The volume is grouped into five sections: the first to set out the conceptual framework for the idea of AU law; secondly, the idea of harmonisation and integration as drivers of AU law; thirdly and fourthly, sections that focus on civil and political and socio-economic challenges; and finally a collection of chapters on enforcement of AU law.
The questions addressed in the final section in fact permeate the book. Many chapters discuss the tension between the often ambitious nature of AU normative frameworks (whether legally binding or not), and the lack of application of these frameworks in practice. This is unsurprisingly highlighted for standards in the area of human rights, democracy, and good governance; including in chapters on nationality and statelessness (Chidebe Matthew Nwankwo), the right to education (Rui Garrido and Aua Baldé), and sustainable development (Eghosa Ekhator). But it is also true for the central integration projects of the AU considered in several chapters across the book, including the recent treaty to establish an African Continental Free Trade Area (AfCFTA) and, following the fiftieth anniversary declaration of 2013, the adoption of Agenda 2063 as a forward looking vision for the AU.
Other chapters choose primarily to highlight the deficient nature of existing legal frameworks, and call for their improvement. In some cases, these are missing altogether at AU level; for example, in the case of financial standard setting (Pablo Iglesias Rodríguez), private business registration (Iyare Otabor-Otubor), or commercial arbitration (Onyeka K Osuji and Oluwafikunayo D Taiwo). In others, there are existing frameworks, but the authors urge serious reform; as in the case of intellectual property (Emmanuel Kolawole Oke) or management of terrorism (Cristiano d’Orsi). Several chapters – especially Ovo Imoedemhe in the final section of the book -- consider the potential importance of the Agenda 2063 initiative in strengthening the AU, and the contribution made by the 2017 report on reform of the AU institutions commissioned by the AU under Agenda 2063 from President Paul Kagame of Rwanda (when he was AU president). The consensus is that a major shift will be needed in the attitudes of member states and their governments if these reforms are to have an effect and the AU legal regime achieve its potential.
Is it the case, therefore, that this volume is another tale of African failure to live up to lofty ambitions? It would be easy for an afro-pessimist to read the cumulative effect of the chapters in that way. But I think it would be wrong to do so. Several of the chapters, perhaps especially Regis Yann Simo on domestic enforcement of AU economic law, show how legal institutions and norms can take on their own life. He argues that the courts established by the RECs, many of which allow individuals or organisations and not only states to access them, have developed their own momentum and enforced rights at regional level. Perhaps the most obvious (but also contested) example of the impact of the evolution of continental legal frameworks on state behaviour in practice is the response of the AU to unconstitutional changes of government. The Constitutive Act of the AU was adopted by the final meeting of the Assembly of the Organisation of African Unity (OAU) in 2000, in the same meeting as the Lomé Declaration on unconstitutional changes of government. The Declaration and Constitutive Act established norms – of course imperfectly applied – that have made clear that a government installed by military coup will not be admitted as representative of the state to AU meetings. The extension of the principle to stolen elections is also remarkable, though also much less solidly entrenched, as highlighted by Eki Yemisi Omorogbe; once again, he stresses the role of the RECs in implementation of these norms in practice.

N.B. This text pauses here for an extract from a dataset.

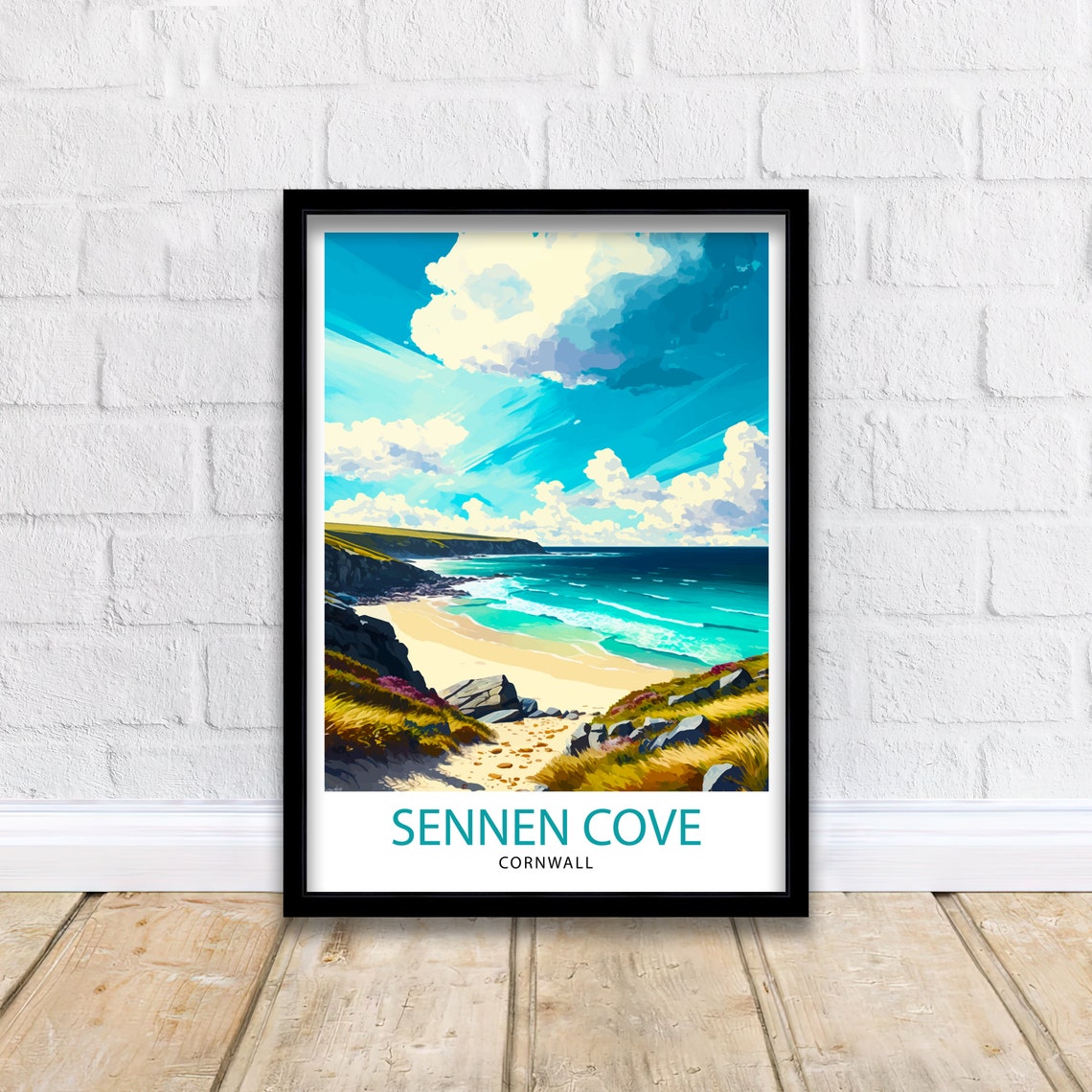 Sennen Cove Cornwall Beach Cove Cliffs Seaside Vintage Poster - Image 2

Elsewhere, as the editors themselves highlight, we see how AU law has developed as part of a commitment to push back against western-dominated international law, creating the necessary legal basis to even consider “African solutions to African problems”. This is a feature, for example, of the protocol establishing the AfCFTA; the adoption of the Malabo Protocol giving the proposed African Court of Justice and Human Rights criminal jurisdiction (discussed in a chapter on relations with the International Criminal Court by Benedict Abrahamson Chigara); and, from a very different perspective, the discussion of the AU’s normative frameworks on gender equality in the development of customary law in the post-colonial context of legal pluralism in Africa (Adaeze Okoye). Rhuks Ako shows how the AU’s Peace and Security Council is itself developing international customary law in response to legal challenges facing the continent – a role that was not imagined when the AU Constitutive Act was adopted.
The chapters collected in this volume have enough work to do setting out the legal regimes they discuss, but I am sure that future scholarship will use these foundational contributions as the basis for more research. How are norms ‘vernacularised’ in national law (as Sally Engle Merry has described it)? That is, how do politicians and officials at national level in practice take account of the AU law frameworks (described and critiqued by the chapters in this book) as they develop national law and policy? Is it necessary for the formal enforcement measures to be used in case of non-compliance, and penalties imposed and scrupulously respected (with explicit public recognition of that fact), for legal frameworks and decisions to have an impact on government behaviour? What is the influence of a document such as the 2014 Niamey Convention on Cross-Border Cooperation when states are deciding budgets, issuing internal directives and allocating personnel? The volume also invites future projects to learn more about the nitty-gritty of the adoption of AU normative frameworks and the roles of particular states in pushing them forward; as well as the role of particular individuals, advocacy groups, and governments. At the same time, the book will provide important source material for the strengthening and development of those formal mechanisms, and for the individuals, advocacy groups, and governments who may do so.
There are always gaps in a volume such as this – it is not possible to cover everything – but there are two chapters I felt to be missing from the first section.
The first is a constitutional history of the African Union, dating back to the pan-African institutions established in the pre-independence era, and the creation of the OAU in 1963, as the majority of African states gained independence. A important stage in this account is the establishment of the African Economic Community (AEC) in 1991. While a number of contributions refer to these steps, and discuss the formation of the African Union as a result of disillusionment with a weak and discredited OAU, the deep history of the project to establish pan-African institutions is not presented here. In addition to the interest in this history in its own right, the background can also explain some of the more confusing aspects of the contemporary framework.
Among these confusing aspects, and the second theme that I think could have benefited from its own stand-alone chapter, is an account of the historically ambiguous status of the RECs as “building blocks” of the AEC (and now of the AfCFTA) that in practice operate largely autonomously. Eight RECs are recognised by the AU through a protocol adopted in 2008, yet a number of other regional groupings exist in parallel; often with overlapping membership, as emphasised by Kamala Dawar and George Lipimile in their chapter on competition law. Some of those not recognised by the AU are among the more effective institutions in the African continent: for example, the West African Economic and Monetary Union (WAEMU, though usually known by its French acronym UEMOA), discussed in the chapter on competition law, and by Chisa Onyejekwe’s contribution on efforts at tax harmonisation.
One final niggle is that, for such a dense and detailed work, the index is poor, making it difficult to find particular pieces of information. Among the RECs, for example, WAEMU has no dedicated index entry; ECOWAS has an entry with one page reference, although a search of the electronic version shows 112 references throughout the volume. The right to education, on the other hand, has half a column of references – all but one limited to the chapter dedicated to the right to education, and thus hardly needing to be indexed at all.
These points, however, should not distract from the substantial achievement of the editors in bringing together this volume, which will remain a reference work for some years to come.